Yes, the filters are BlockDrivers and each instance has a
BlockDriverState. They are part of the same BlockDriverState graph as
file-posix.c.

BlockBackend has a "root" BlockDriverState pointer. It points to a
graph of BlockDriverStates and there are 3 types of nodes:
- Filter nodes like block/throttle.c that provide some extra
functionality like I/O throttling.
- Format nodes like qcow2, raw, or vmdk that implement disk image file formats.
- Protocol nodes like file-posix, iSCSI, etc that implement access to
underlying storage.

The graph is pretty flexible. It's possible to insert/remove nodes to
construct arbitrary graphs.

Protocol nodes are the leaf nodes in the graph. Filter and format
nodes are above protocol nodes.

If we want to open /dev/nullb0 and limit I/O rates to 10 MB/s the
graph would be:
throttle (10 MB/s) -> raw-format -> file-posix (/dev/nullb0)

The BlockBackend root would point at the throttle node. I/O requests
made using blk_*() APIs will be forwarded to the throttle node using
bdrv_*() APIs. The throttle node forwards requests to the raw-format
node using bdrv_*() APIs. The raw-format node forwards I/O requests to
the file-posix node using bdrv_*() APIs. Here is block/raw-format.c's
preadv implementation:
  static int coroutine_fn raw_co_preadv(BlockDriverState *bs, int64_t offset,
                                        int64_t bytes, QEMUIOVector *qiov,
                                        BdrvRequestFlags flags)
  {
      int ret;

      ret = raw_adjust_offset(bs, &offset, bytes, false);
      if (ret) {
          return ret;
      }

      BLKDBG_EVENT(bs->file, BLKDBG_READ_AIO);
      return bdrv_co_preadv(bs->file, offset, bytes, qiov, flags);
                 ^^^^^^^^^^^^^^^^^^^^^^^ forward I/O to child graph node
  }

>
> > Based on what I've read in Dmitry's virtio-blk spec proposal, the
> > BlockBackend API could look something like:
> >
> > typedef struct { ...model, zone_sectors, max_open_zones, etc... } 
> > BlockZoneInfo;
> > void blk_get_zone_info(BlockBackend *blk, BlockZoneInfo *info);
> >
> > virtio-blk.c calls this to fill out configuration space fields and
> > determine whether the BlockBackend is a zoned device.
> >
> > Then there are 3 commands that happen in the I/O code path:
> >
> > typedef struct { ... } BlockZoneDescriptor;
> > BlockAIOCB *blk_aio_zone_report(BlockBackend *blk, int64_t offset,
> > BlockZoneDescriptor *zones, size_t max_zones, BlockCompletionFunc *cb,
> > void *opaque);
> >
> > typedef enum { ... } BlockZoneMgmtCmd;
> > BlockAIOCB *blk_aio_zone_mgmt_send(BlockBackend *blk, int64_t offset,
> > BlockZoneMgmtCmd cmd, bool all, BlockCompletionFunc *cb, void
> > *opaque);
> >
> > typedef void BlockZoneAppendCompletionFunc(void *opaque, int ret,
> > int64_t new_wp);
> > BlockAIOCB *blk_aio_zone_append(BlockBackend *blk, int64_t offset,
> > QEMUIOVector *qiov, BlockZoneAppendCompletionFunc *cb, void *opaque);
> >
> > > Besides, comparing blk_aio_flush() with blk_flush() in block-backend.c
> > > which lead to include/block/block-io.h, we may need consider the case
> > > when calling block layer API from non-coroutine context.

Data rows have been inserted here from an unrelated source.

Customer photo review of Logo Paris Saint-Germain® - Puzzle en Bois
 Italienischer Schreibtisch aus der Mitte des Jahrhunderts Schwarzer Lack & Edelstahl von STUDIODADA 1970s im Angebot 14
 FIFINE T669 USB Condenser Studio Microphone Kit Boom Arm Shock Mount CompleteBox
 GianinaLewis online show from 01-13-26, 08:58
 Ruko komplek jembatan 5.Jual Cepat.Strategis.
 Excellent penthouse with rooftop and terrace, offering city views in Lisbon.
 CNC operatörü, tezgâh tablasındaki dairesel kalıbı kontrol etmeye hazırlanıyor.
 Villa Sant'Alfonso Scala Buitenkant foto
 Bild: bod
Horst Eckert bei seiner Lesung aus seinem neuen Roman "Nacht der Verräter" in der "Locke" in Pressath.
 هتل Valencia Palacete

Meanwhile,
> > > using bdrv_co_writev()/bdrv_co_readv() instead of read-write lock per
> > > zone may be a option too.
> >
> > Yes, device emulation code usually uses the aio versions of the
> > BlockBackend I/O functions (read, write, flush). The QEMU block layer
> > runs the aio I/O request inside a coroutine and usually also exposes
> > coroutine versions of the same functions. For example, block jobs
> > (e.g. storage mirroring, backup, and migration background tasks)
> > usually call the coroutine versions of the BlockBackend APIs instead
> > of the aio ones.
> >
> > qemu-io-cmds.c will want synchronous versions of the aio commands
> > (blk_zone_report(), blk_zone_mgmt_send(), blk_zone_append()) that
> > block until the command completes. This is because the qemu-io utility
> > typically executes one command at a time and it's written mostly in
> > blocking style rather than async callbacks or coroutines.
> > docs/devel/block-coroutine-wrapper.rst describes how to generate
> > synchronous versions of coroutine functions.
> >
> > Do you want to start implementing blk_get_zone_info()? This will
> > require blk_*(), bdrv_*(), and BlockDriver (block/file-posix.c)
> > functions.
>
> I want to implement the smallest part that can be tested first and
> then move on to the next part. And I want to test zone report
> operation first. Does the qemu io-test require the following part to
> work: bdrv_co_zone_report in file-pisix.c, blk_get_zone_info() in
> block-backend.c, blk_aio_zone_report() in io code path and modify some
> test in test/qemu-iotests? If it does, then yes.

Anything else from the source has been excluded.